A century on, there can be no one who doesn't know the legend of Dracula, as Stoker's novel was rechristened. Last week, the anniversary was marked by the publication of The Un-Dead: The Legend of Bram Stoker and Dracula by Peter Haining and Peter Tremayne and a party in the suitably gothic crypt of St Martin's-in-the-Field. Among the guests were Noel Dodds, great-grandson of Stoker, and actors John Forbes Robertson, Caroline Munroe, Aida Young and Michael Ripper, all of whom have starred in the numerous Dracula films, and Roy Skeggs. The latter, chairman of Hammer, recalled how he joined the film company 40 years ago on a four-week contract. The earliest films were reviled as "obnoxious" and "degrading". Eighty-five years after Stoker's death, both Skeggs and Dracula live on. I wonder what happened to Stoker's first book, The Duties of Clerks of Petty Sessions in Ireland?
BARONESS JAMES of Holland Park, better known as PD James, queen of crime, is finally to make the transfer to the big screen. Although most of her Dalgliesh novels have been adapted for television, no James novel has become a feature film. Until now. After protracted negotiations, LA-based Beacon Pictures has optioned The Children of Men, James's one excursion into science fiction, and will begin shooting next year, though there's no word as yet on either the writer or the stars. Meanwhile, the 73-year- old novelist is correcting the final proofs of her next opus, A Certain Justice, due to be published this autumn.
ANNA PASTERNAK, the journalist who made headlines a couple of years back with Princess in Love, which besmirched the Bloomsbury list, is planning her rebirth as a novelist. She is hard at work on a novel of contemporary life for which she has secured an advance from Richard Cohen Books, the fledgling independent in which Lord Archer and Edwina Currie have shares. Publication is a little way off, probably next year, and Pasternak is hoping that critics will take her seriously and eschew the easy route of simply reminding readers that she helped James Hewitt rat on Princess Diana.

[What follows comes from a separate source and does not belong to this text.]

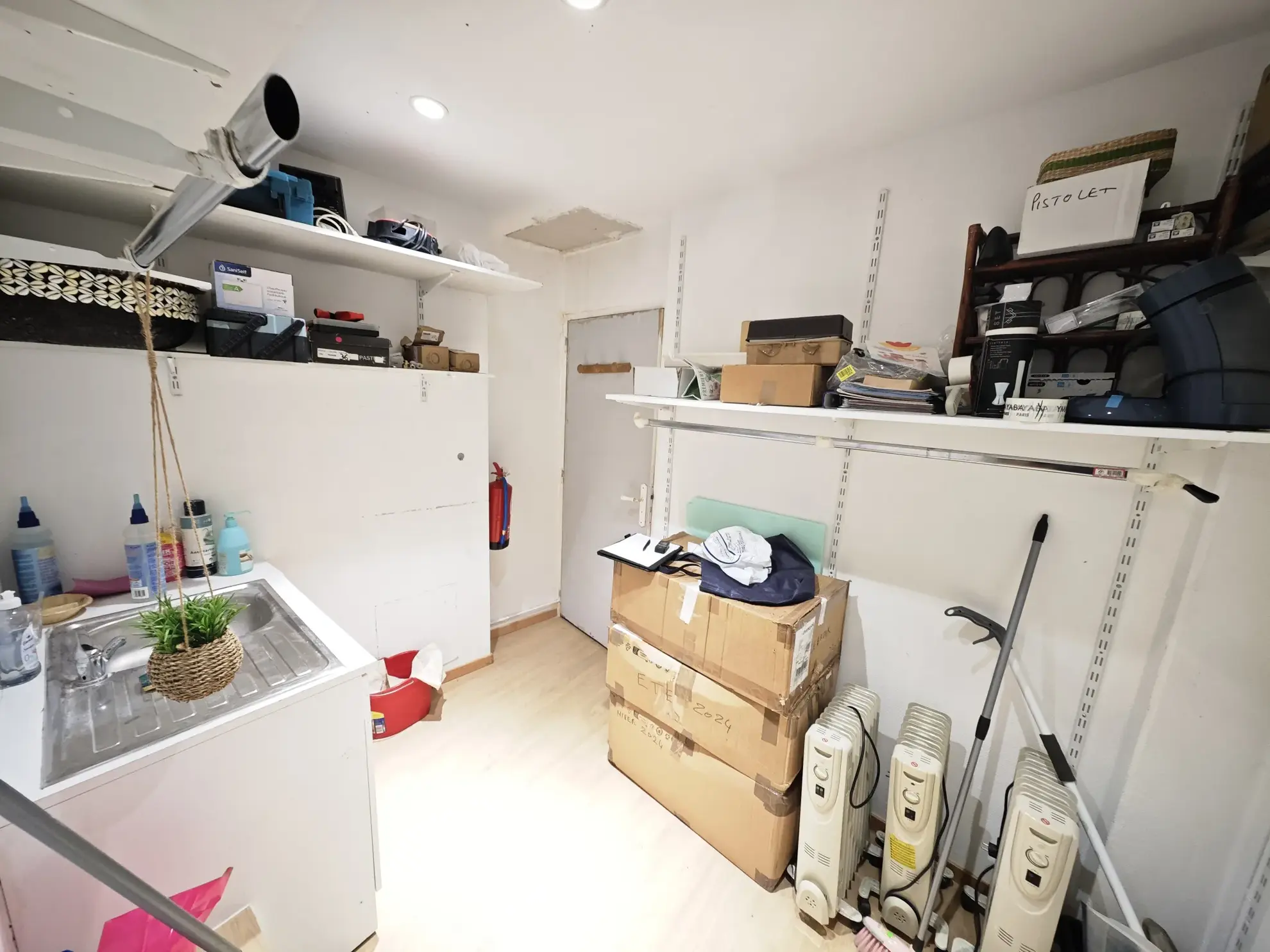 Fonds de commerce prêt-à-porter féminin à La Madeleine, emplacement privilégié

A BRIEF HISTORY OF TIME may well be both the most bought and most unread book of all time. But if Stephen Hawking remains simply a talking point, other more accessible scientists - Richard Dawkin and Steve Jones, for example - are actually read. For the moment at least, science sells and the burgeoning Science Masters series launched a couple of years back by Weidenfeld & Nicolson is evidence of our continuing interest. Two new titles will surely look good on the coffee table. Susan A Greenfield's The Human Brain: A Guided Tour aims to introduce "not just non-biologists but non-students to what lies within their skull" - appropriate in the 1990s, designated by the then President George Bush as "the Decade of the Brain". Based on her 1994 Royal Institution Christmas Lectures, the book explores the different regions of the brain and also points out that size has nothing to do with intelligence: an elephant's brain, for example, is five times bigger than our own but that doesn't mean the elephant is more intelligent.

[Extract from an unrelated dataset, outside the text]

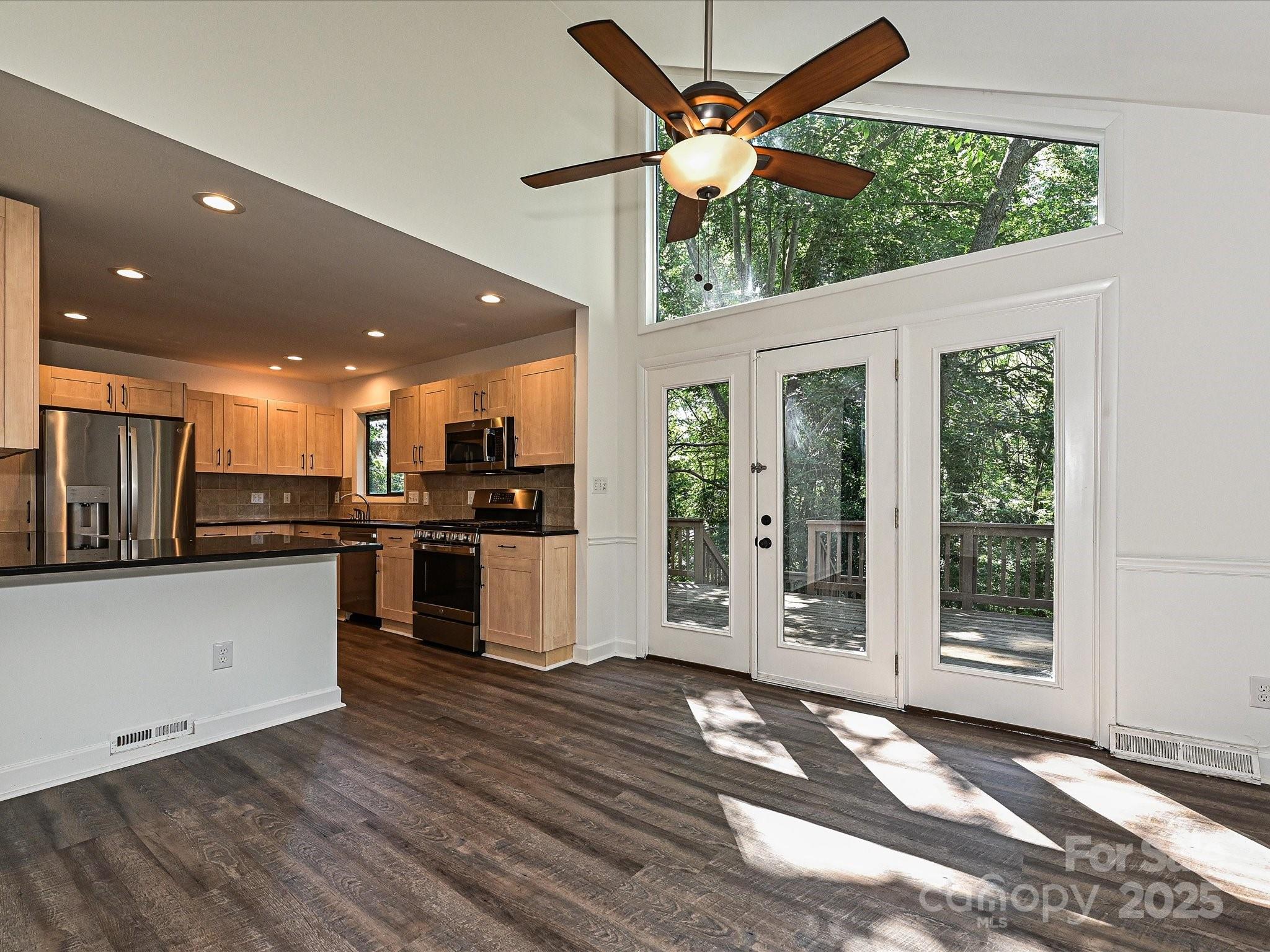 6745 Thermal Road Charlotte, NC 28211 - Photo 10 of 37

And size brings us to another book in the series: Why Is Sex Fun? Jared Diamond argues that the male member is unnecessarily large as compared to, say, that of the orangutan, which sexually outperforms its human counterpart. Professor Diamond suggests that humans are sexually inefficient, our practices wasteful of energy and counter-evolutionary. Our nearest relatives do not indulge in recreational sex.

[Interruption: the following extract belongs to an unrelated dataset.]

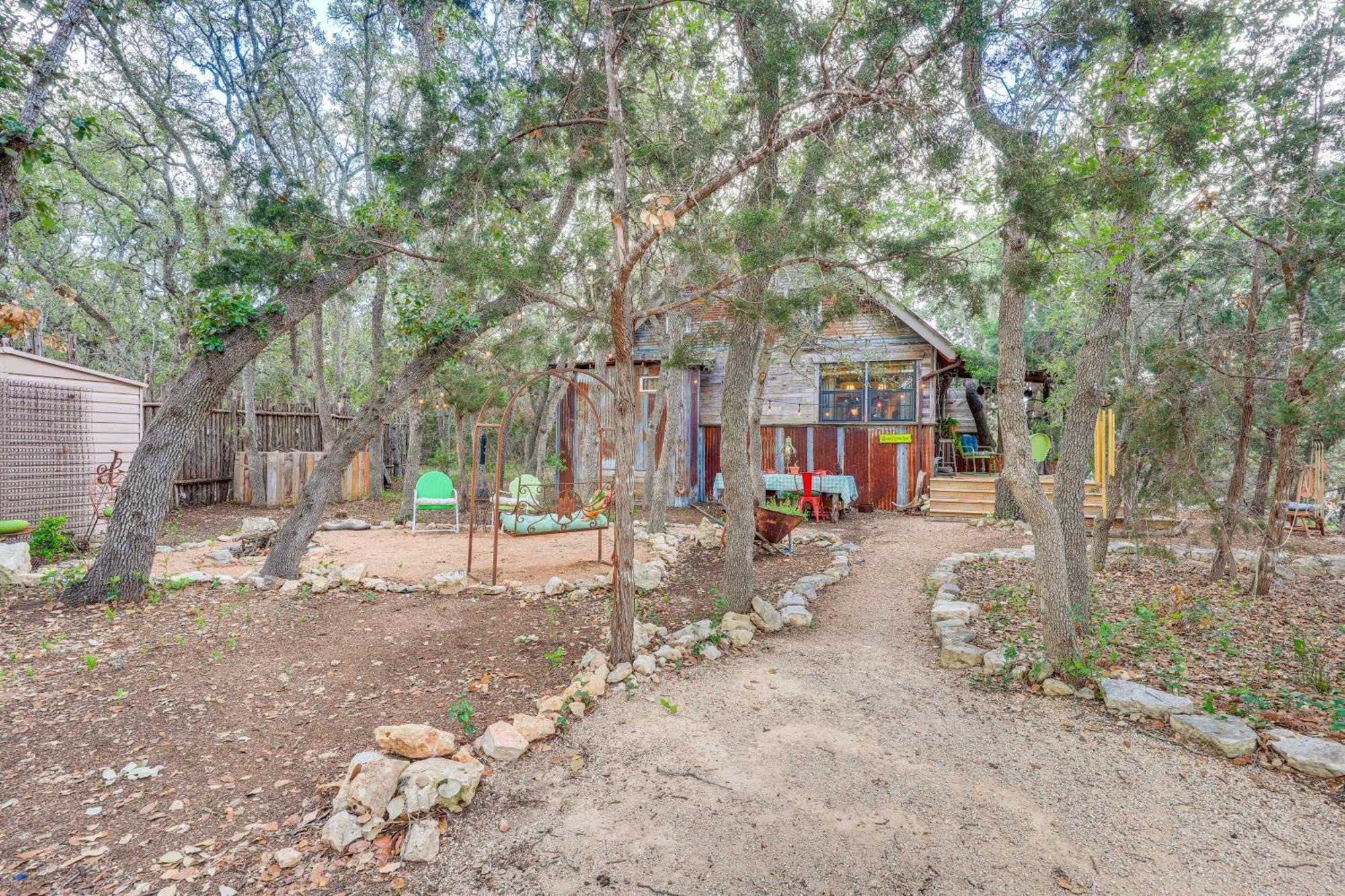 Pet-Friendly Wimberley Cabin With Fire Pit And Hot Tub Kültér fotó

WHO IS the world's best-selling non-fiction author and the world's most widely read gardening writer? Why, Salford-born Dr David Hessayon, FRMS, FRES, FRSA, FIBiol, FBIM, FIHort, whose Expert series of gardening books has sold 39 million copies since the first title, Be Your Own Gardening Expert, was launched in 1959. And he invented Baby-Bio, the house plant's answer to Pedigree Chum. In 1996 alone, seven of the year's top 10 best- selling gardening books were Experts, with The House Plant Expert - in the top 10 for 36 years - at number 6. Most of the copies are bought not in bookshops but in such places as B&Q and Homebase and, while purists may sneer, the Royal Horticultural Society has no doubts. "Nobody has improved on the formula for getting facts on the page in the most immediately intelligible manner," says librarian Brent Elliott.